I am pleased to say the author has traversed this difficult territory very well. He sets out the evidence and draws conclusions based on an objective assessment. Where there is doubt, he says so, and the reader can reach their own conclusion.
He starts with the earliest references to a Slav identity, largely based in forest steppes. The started to expand in the 6th century by moving westwards into modern day Poland, the Czech Republic and eastern Germany, becoming known as the West Slavs. Those remaining behind in modern day Russia and the Ukraine became the East Slavs.
My particular interest is in the South Slavs who edged their way into the Balkans, around the Carpathian Mountains or along the coast into most of the modern day Balkan states. How far and where they settled is difficult to judge from the archaeological evidence, and we have limited written sources. For example, they certainly reached the Peloponnese, but the extent to which modern Greeks have a Slav identity, is, needless to say, very controversial!
Unlike the horse archers of the Steppes, like the Avars or the Huns, the Slavs almost sneaked into the Balkans over a long period of time. They started by raiding the usual manner, but then occupied lands that were underpopulated due to the weakness of the Byzantine Empire of the period. They assimilated local peoples and grew from disparate tribes to fully fledged states. Serbia and Croatia are the main states today, and Bulgaria was a mix of the Turkic Bulgars and the Slavs.
After explaining what we know about these movements, Barford covers the social structure, daily life, religion and trading arrangements of the early Slavs.
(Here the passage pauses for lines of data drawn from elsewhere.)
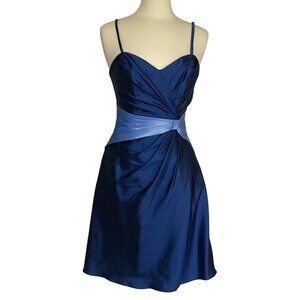 Impression Bridal Iridescent Blue Short A-Line Prom Dress Size 10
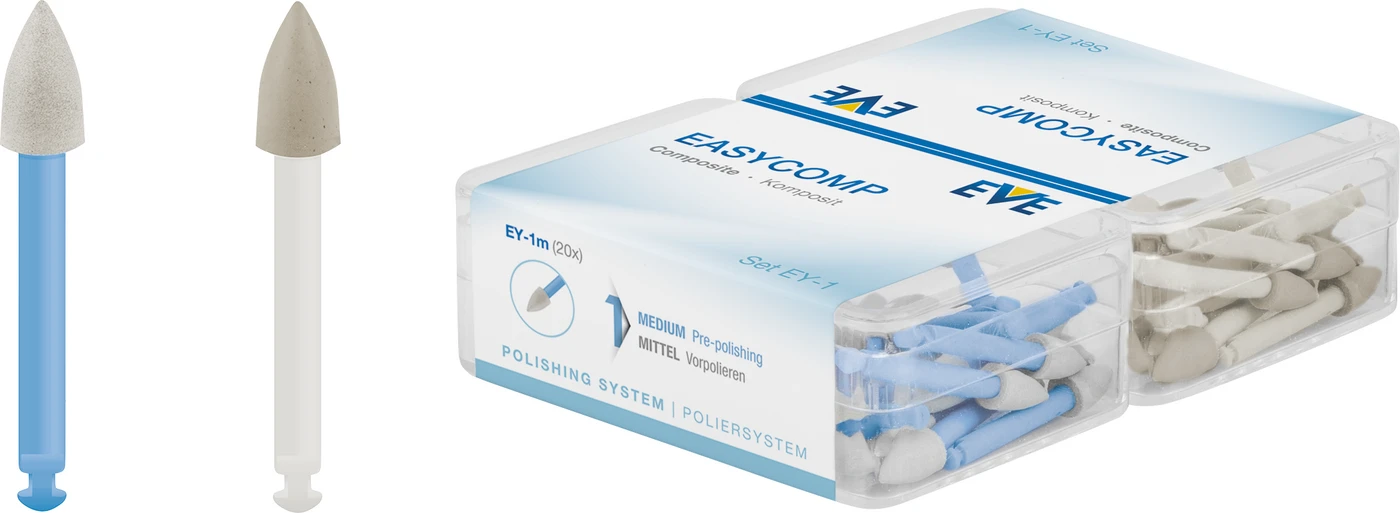 EVE EASYCOMP Set 20 Stück blau mittel, 20 Stück weiß fein, RA, Figur Spitze, 4 x 6,9 mm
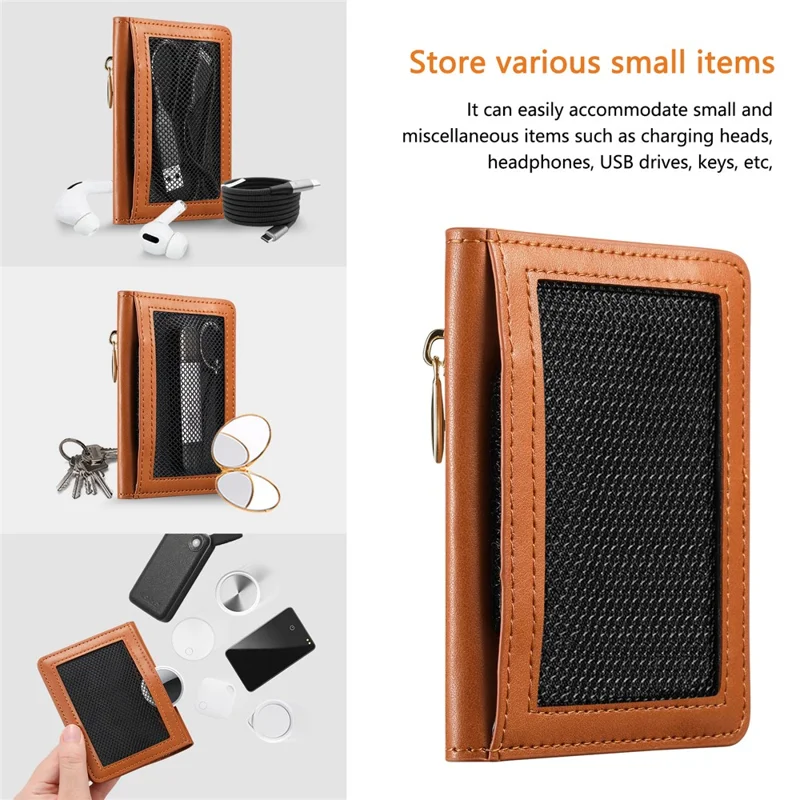 KB-79 Zipper Wallet Card Holder PU Leather Ultra-thin Card Bag - Brown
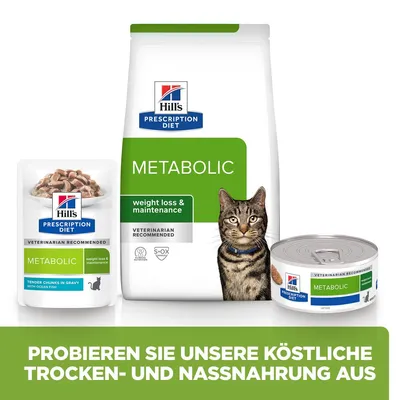 Hill's Prescription Diet Metabolic pour chat, sachet, sac et boîte visibles. Texte en allemand : Probieren Sie unsere köstliche Trocken- und Nassnahrung aus.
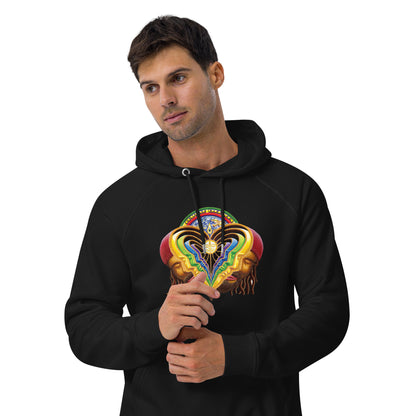 "Peeling Bodies" Unisex eco raglan hoodie
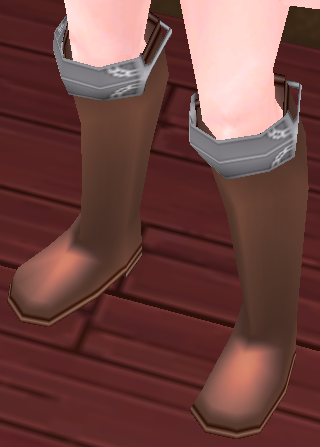 Equipped Giant Cores' Oriental Long Boots viewed from an angle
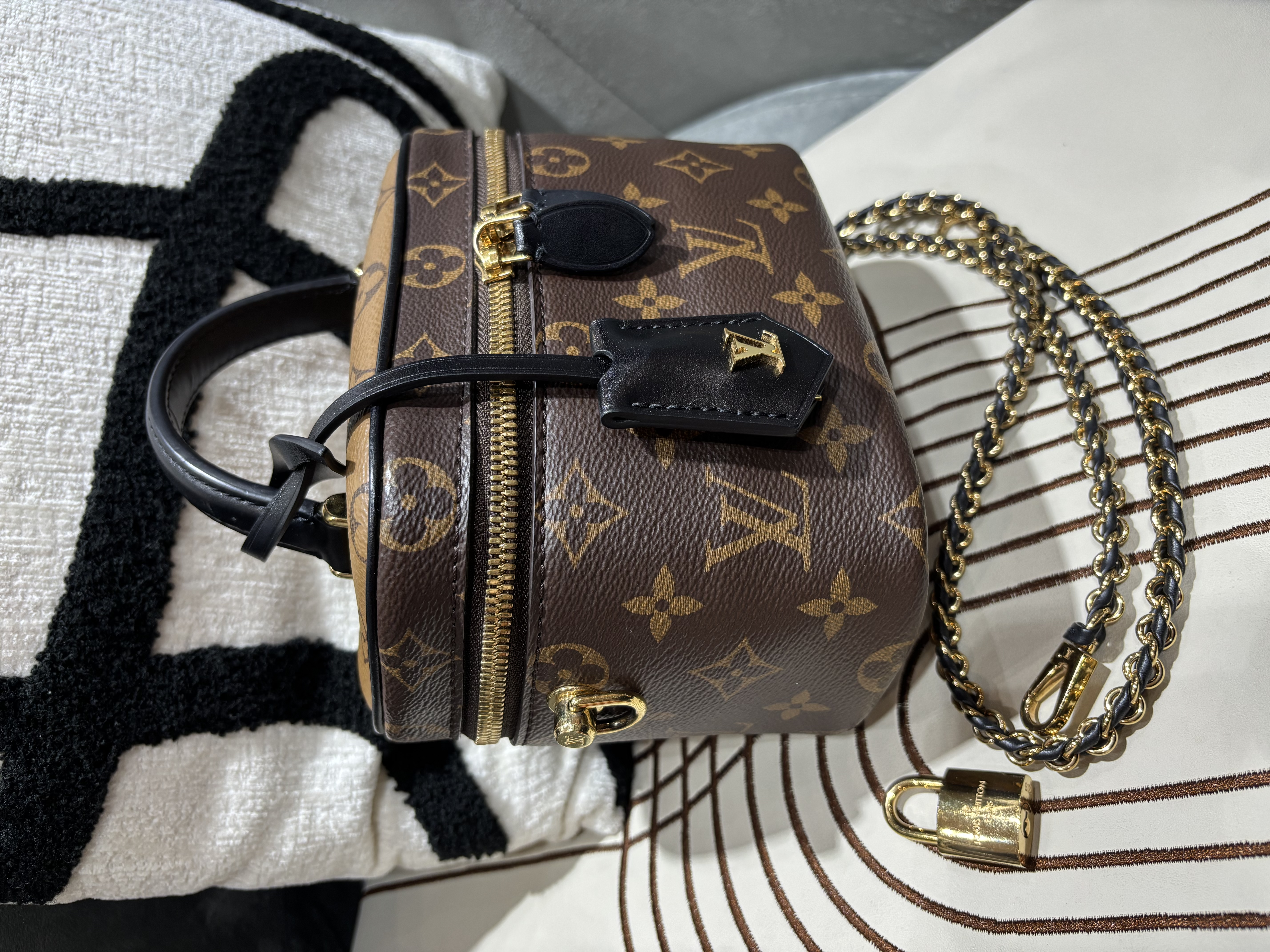 Lv Vanity PM Vanity Case M45165, Monogram Reverse 100%Authentic,92%new  ✅key lock ✅dust bag  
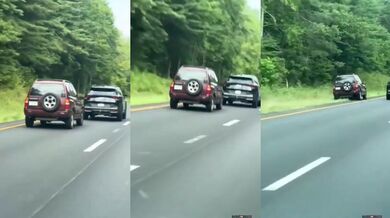 Žena převrátila své auto během její silniční agrese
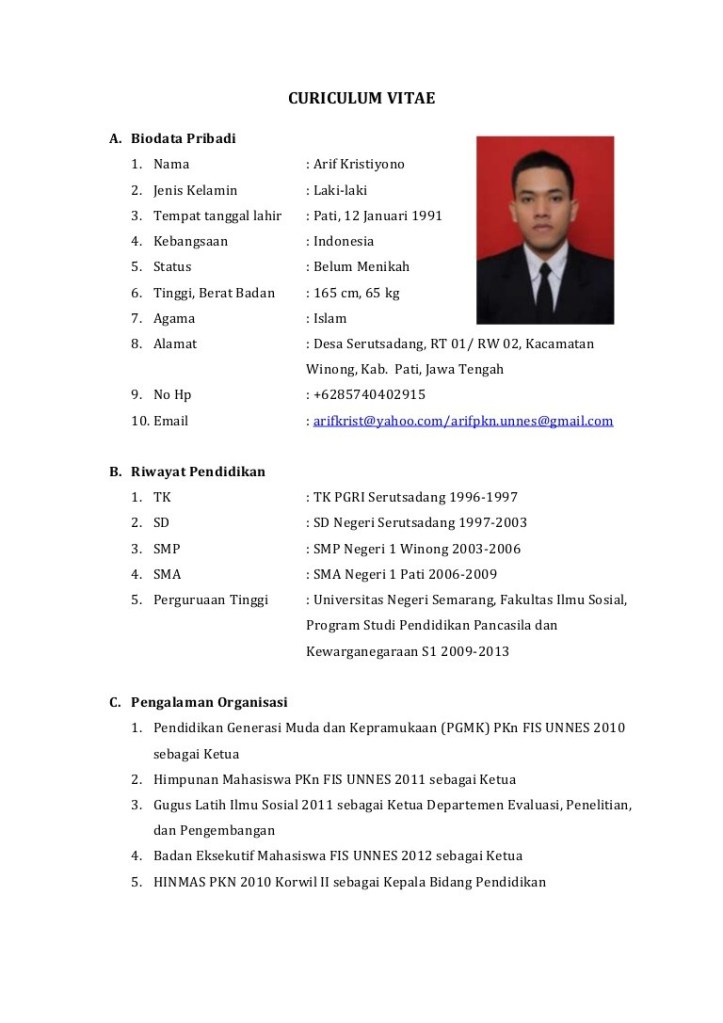 Detail Template Cv Mahasiswa Nomer 32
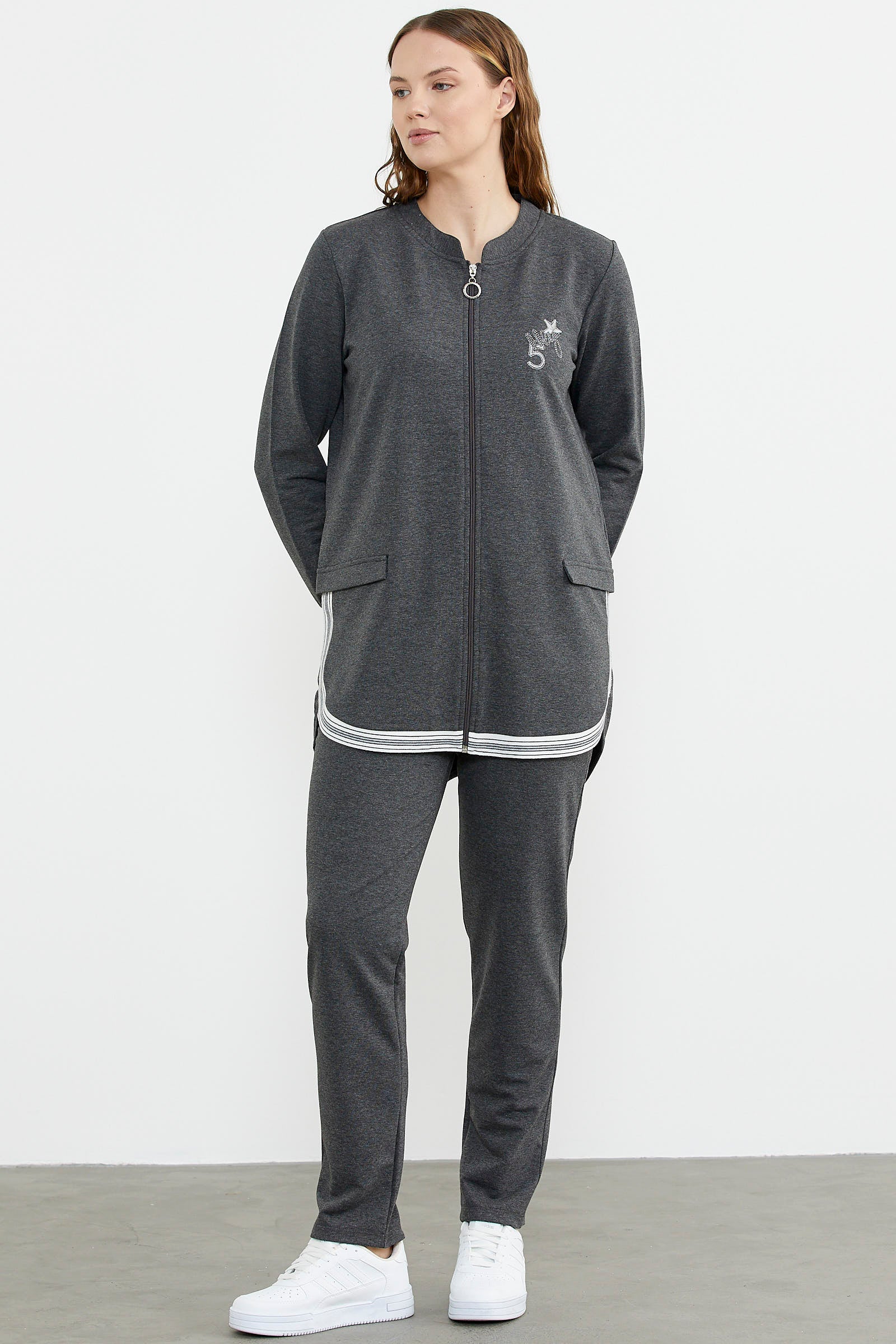 Neon Kombinli Rahat Kalıp Tunik Eşofman Takım - Antrasit (5) Sementa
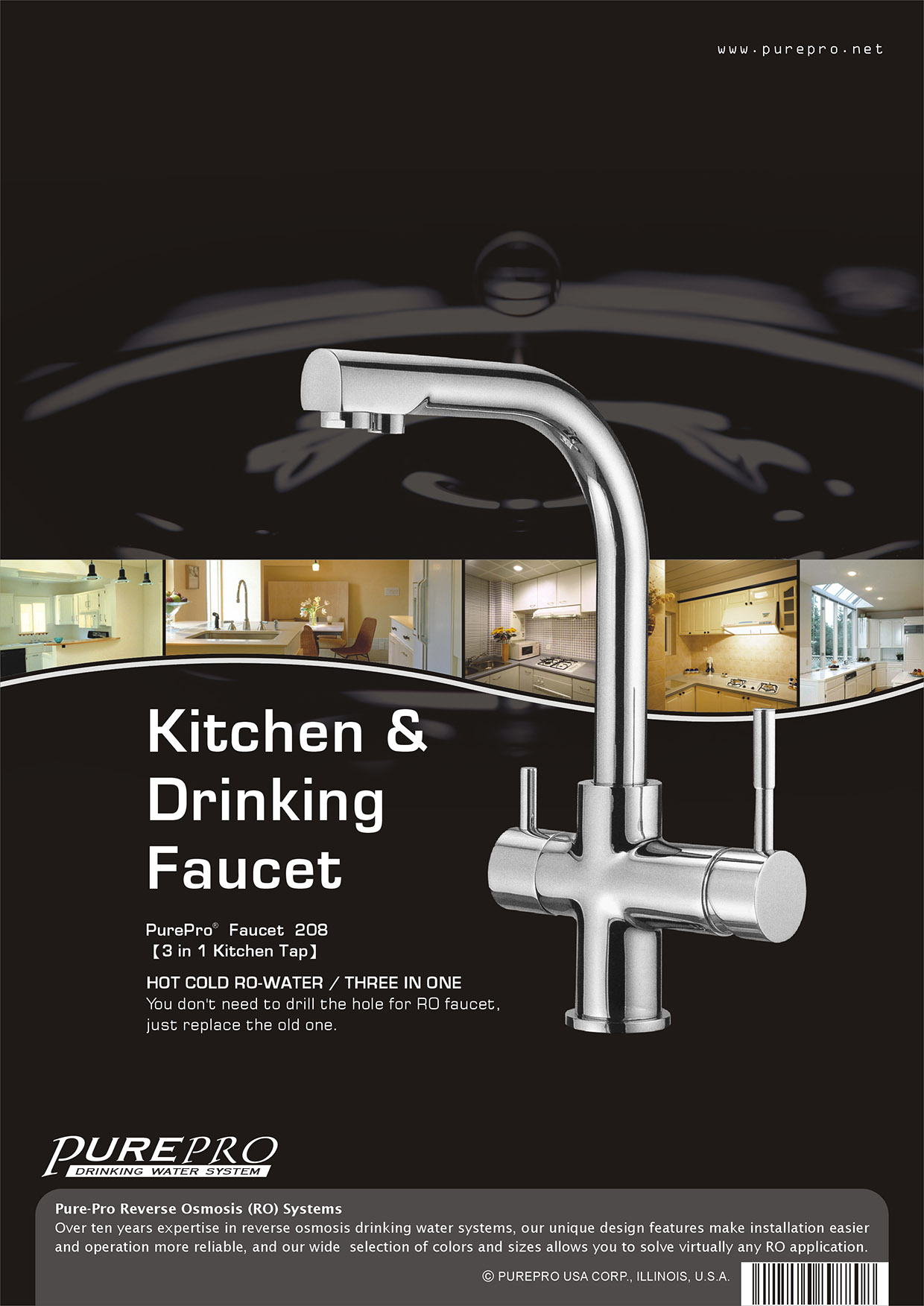 PurePro ® RO Drinking Faucet Part NO. 208  - 3 in 1 RO Faucet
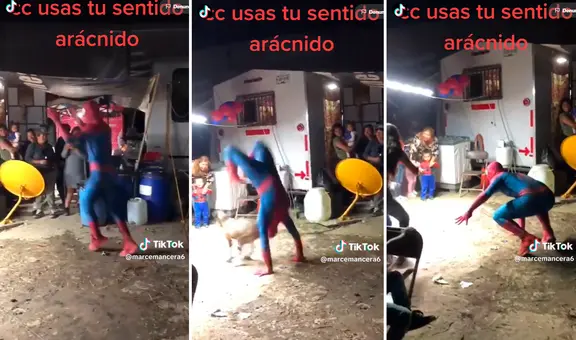 “Usó su sentido arácnido”: hombre disfrazado de Spiderman esquiva a perrito con sorprendente acrobacia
There is a chapter on warfare, which is largely based on Byzantine sources, who describe how to fight them. The early Slavs occupied forest areas and were skilled in the use of ambush, using rivers to communicate and concentrate forces. They were lightly armoured, equipped with spear, shield and wooden bows. Barford argues that they did use horses, even if primarily as mounted infantry, with elites as conventional cavalry. They also circled wagons during a battle. Unlike the West and East Slavs, they made little use of strongholds, reflecting the terrain they occupied.
I don't think I have ever seen a Slav army on the wargame table, other than my own small force as part of a 15mm Bulgar army, which I think are Essex figures. Few rules guarantee generating enough terrain to allow them to fight in the way they successfully did. I see Gripping Beast have a small range of foot figures in 28mm and Old Glory have a larger range in 15mm.
My first choice 15mm rule set is L'Art de la Guerre, and their Slav list includes up to six elements of medium cavalry with the option of upgrading half of them to heavy. You can have a fortified camp, which I suppose covers the wagons. I don't think their time period, up to 1218, works for the Balkans, but they do have later Serbo-Croatian and Bulgar lists. FoG takes a similar approach to the balance of forces, and wisely has a specific South Slav list.
While this looks like a serious academic tome, it is very readable. The price (£61) might put off the general reader, but if you can get it second hand or from the library, it is well worth the effort.